* **Work instructions**
What needs reproducing is the run of lines in the data below starting at the line with "Bak kut teh" and ending at the line with "A festive red", both ends included. Copy it exactly, without pictures, and add nothing.

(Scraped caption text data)
Start of Block

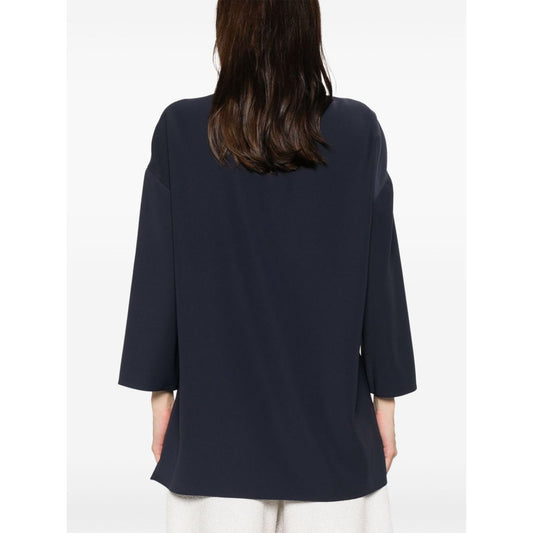 Back view of Emporio Armani cady blouse in oxford blue with drop shoulders and side slits, shown on model.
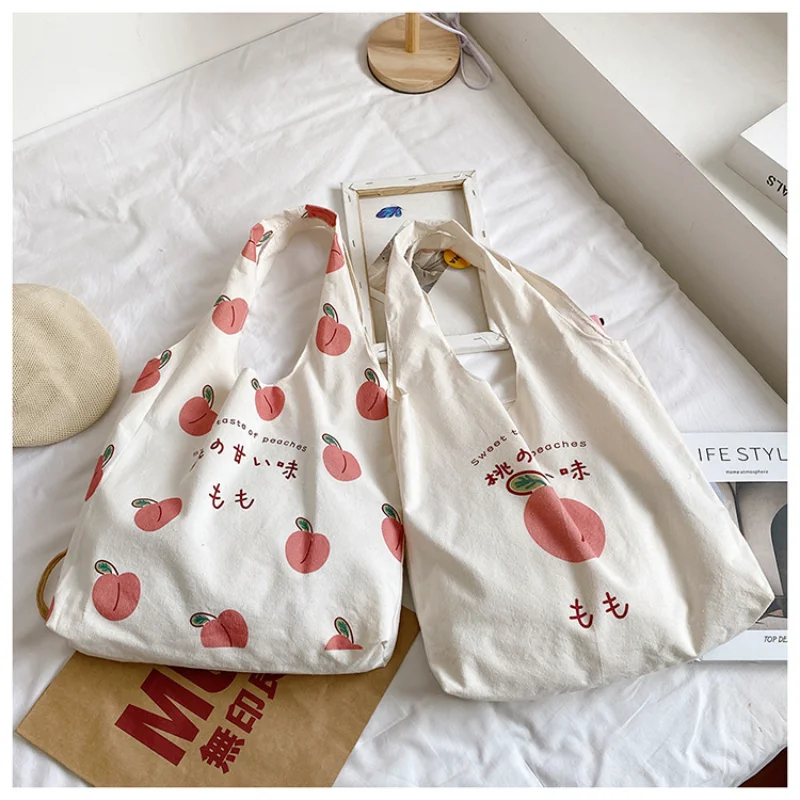 Fashion Canvas Large Capacity Tote Bag Cute Designer Shoulder Bag Japanese Style Peach Print Eco Shopper Bag Handbags for Women
Fashion Canvas Large Capacity Tote Bag Cute Designer Shoulder Bag Japanese Style Peach Print Eco Shopper Bag Handbags for Women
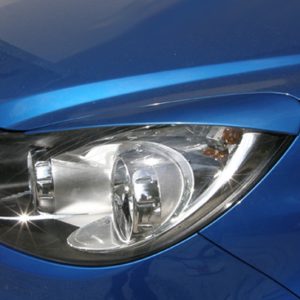 Close-up of the front-left headlight on a blue car, showing the lens and reflectors.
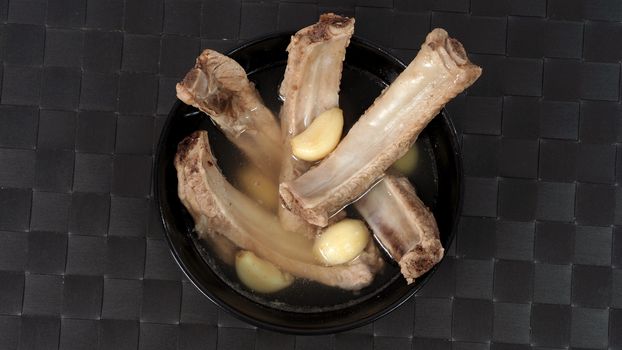 Bak kut teh or pork ribs soup which made from many ingredients such as big garlic, white pepper and many spices. Very popular traditional authentic menu dish in Singapore and Malaysia. Served hot with rice bowl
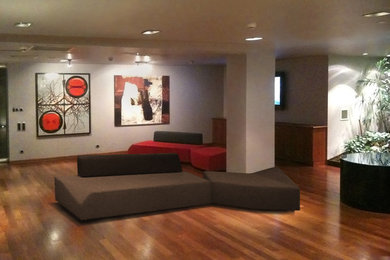 Ejemplo de salón tipo loft contemporáneo grande con paredes grises, suelo de madera en tonos medios, televisor colgado en la pared y suelo marrón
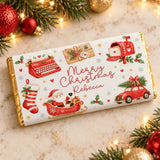 A festive red and white milk chocolate bar with retro typewriter design wrapped in gold foil for christmas fun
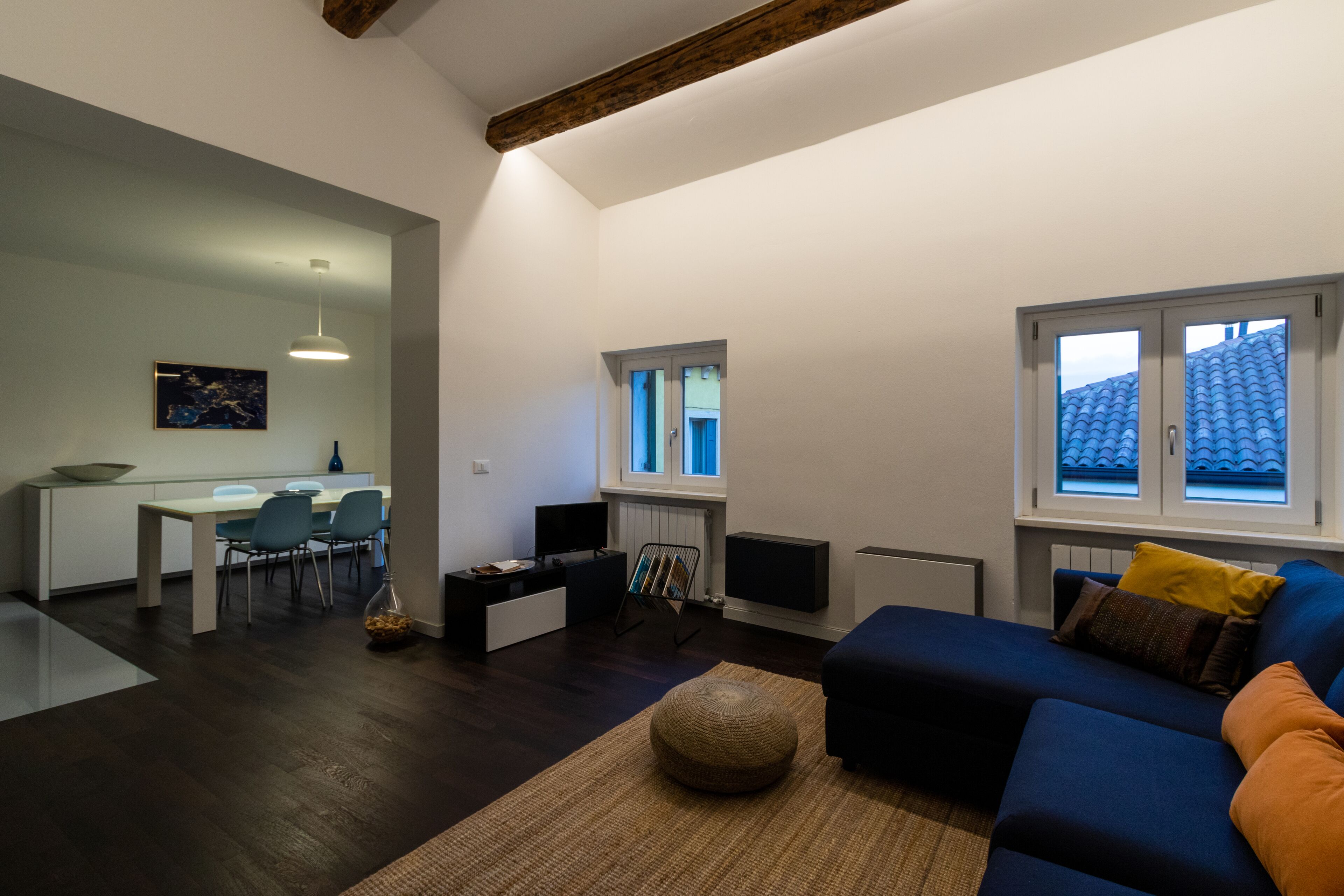 A modern living room with a dark wood floor, a blue sofa, a small rug, and a dining area with a white table and chairs.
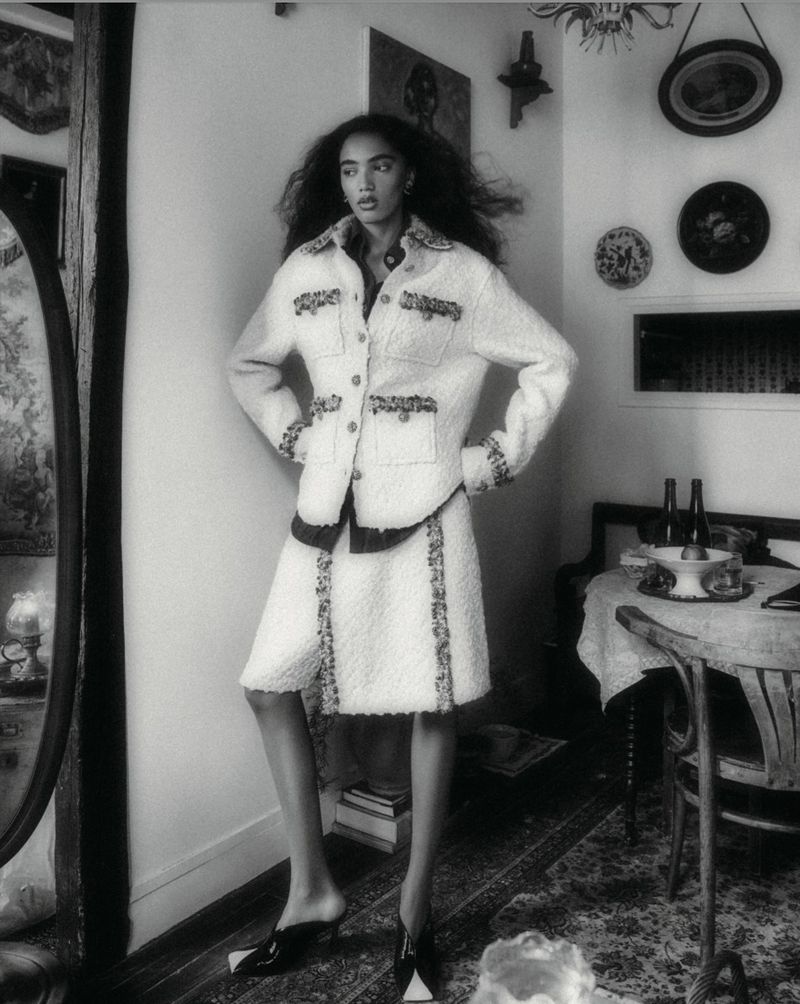 Model Noa Kaiser posing in a light tweed skirt suit inside a vintage room in black and white.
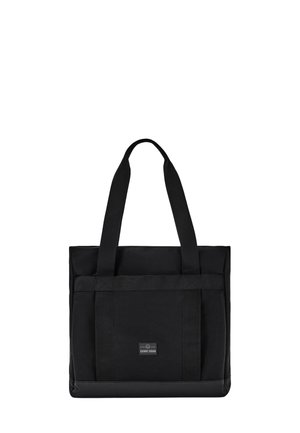Borsa tote in stoffa nera con manici lunghi, fondo rinforzato e una piccola cucitura rettangolare con il logo "Johnny Urban" sul davanti.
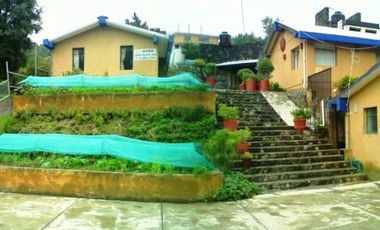VENTA DE TERRENO CON CENTRO EDUCATIVO . VISTA A BOSQUE EN HUIXQUILUCAN
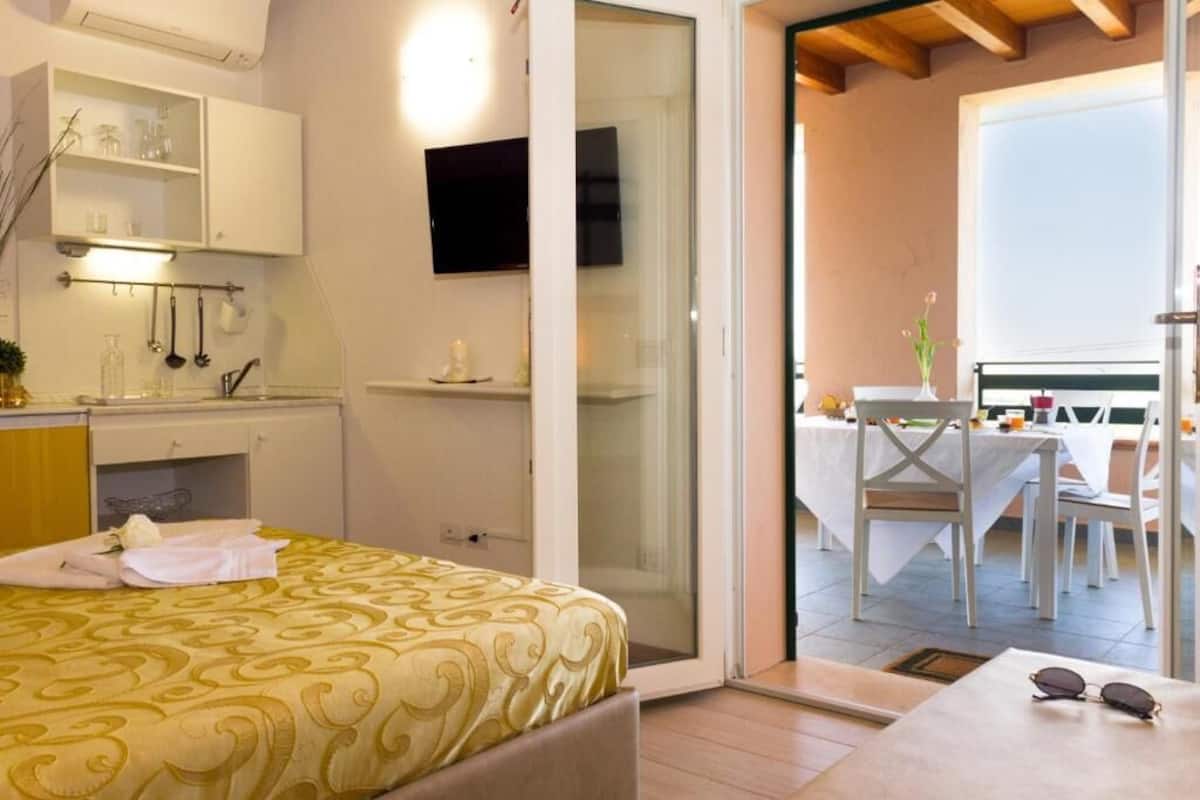 Un dormitorio con cama, televisor, baño con espejo y zona de comedor con mesa y sillas.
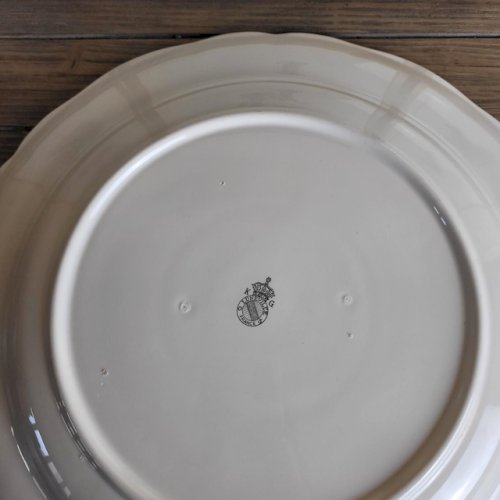 Grand plat rond KG Lunéville Réverbère, faïence de lest, décor floral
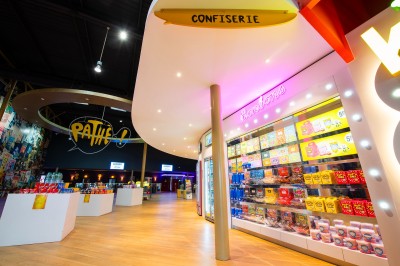 Entrée d'un cinéma Pathé avec affiches de films, sol violet, comptoirs de snacks et accès aux salles.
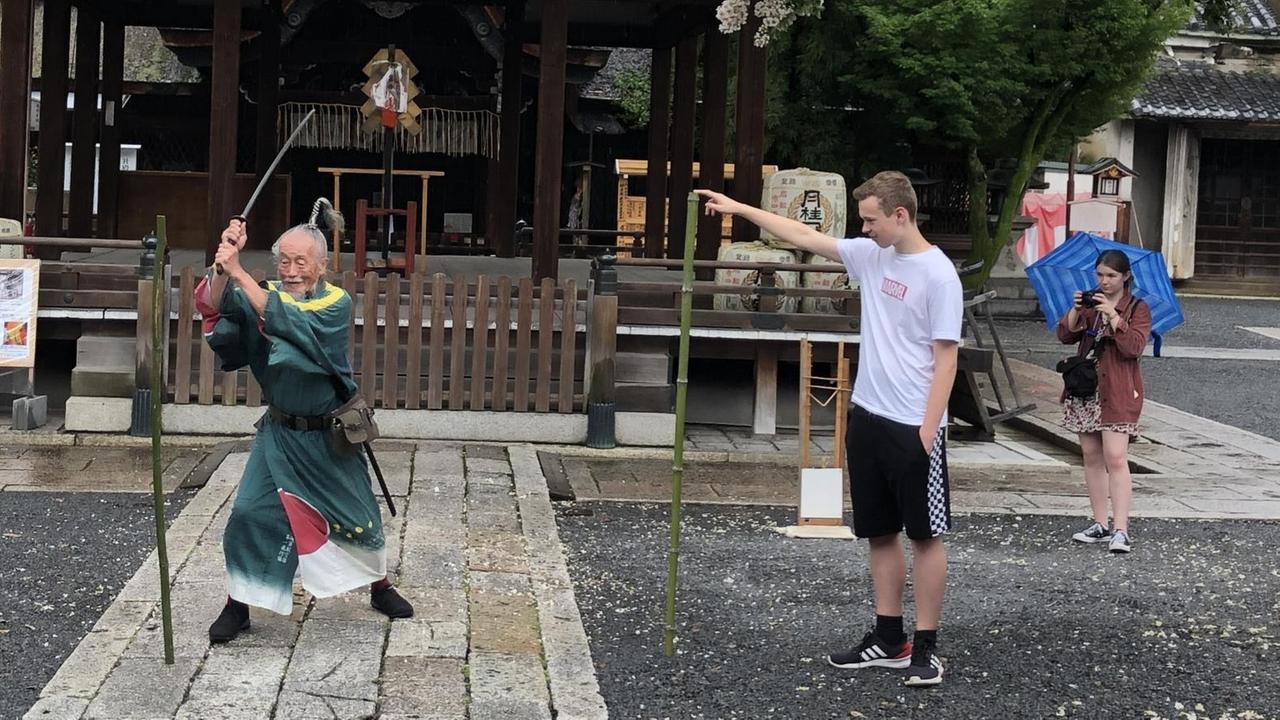 Der 90jährige Joe Okada führt Katana-Schwertkunst-Übungen aus - Besucher schauen zu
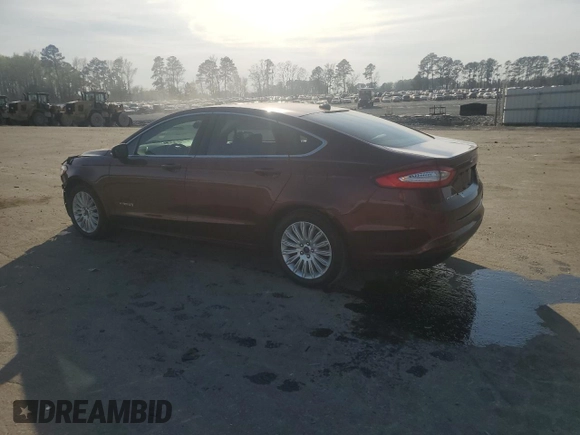 2015 Ford Fusion SE Hybrid with VIN 3FA6P0LUXFR210883, listed as a Copart auction lot 51279985 with 233,341 mi miles and Salvage Title. Bid and sale history available at carsss.com. Image 2.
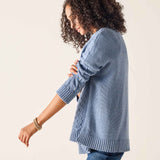 Misty blue ribbed knit sweater with textured paneling and wide ribbed cuffs.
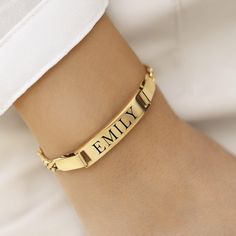 Celebrate your unique identity and style with our Custom Engraved 18k Gold Plated Bracelet. This delicate and elegant bracelet features a sleek gold bar that can be engraved with the name of your choice, making it a perfect personalized accessory or thoughtful gift for a loved one. Whether you're treating yourself or surprising someone special, this bracelet adds a touch of sophistication to any outfit. The bar measures a generous 30mm x 4mm, providing ample space for a clear and stylish engravi Lingot D'or, Elegant Bracelet, Name Bracelet, Gold Plated Bracelets, Gold Bar, Personalized Accessories, Charm Bracelets, Custom Engraving, Thoughtful Gifts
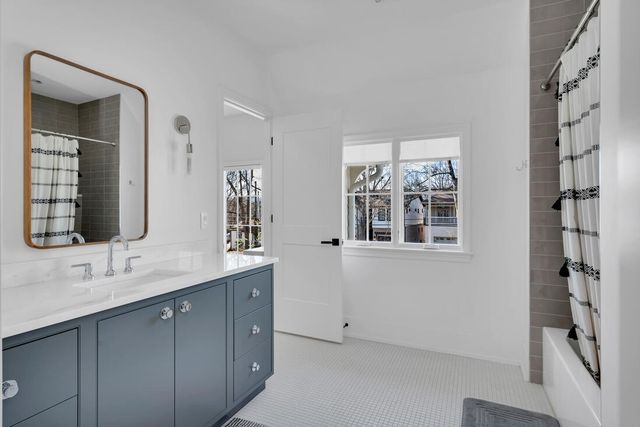 a view of a patio with couches table and chairs and potted plants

End of Block

* **Task output**
 Bak kut teh or pork ribs soup which made from many ingredients such as big garlic, white pepper and many spices. Very popular traditional authentic menu dish in Singapore and Malaysia. Served hot with rice bowl
 Ejemplo de salón tipo loft contemporáneo grande con paredes grises, suelo de madera en tonos medios, televisor colgado en la pared y suelo marrón
 A festive red and white milk chocolate bar with retro typewriter design wrapped in gold foil for christmas fun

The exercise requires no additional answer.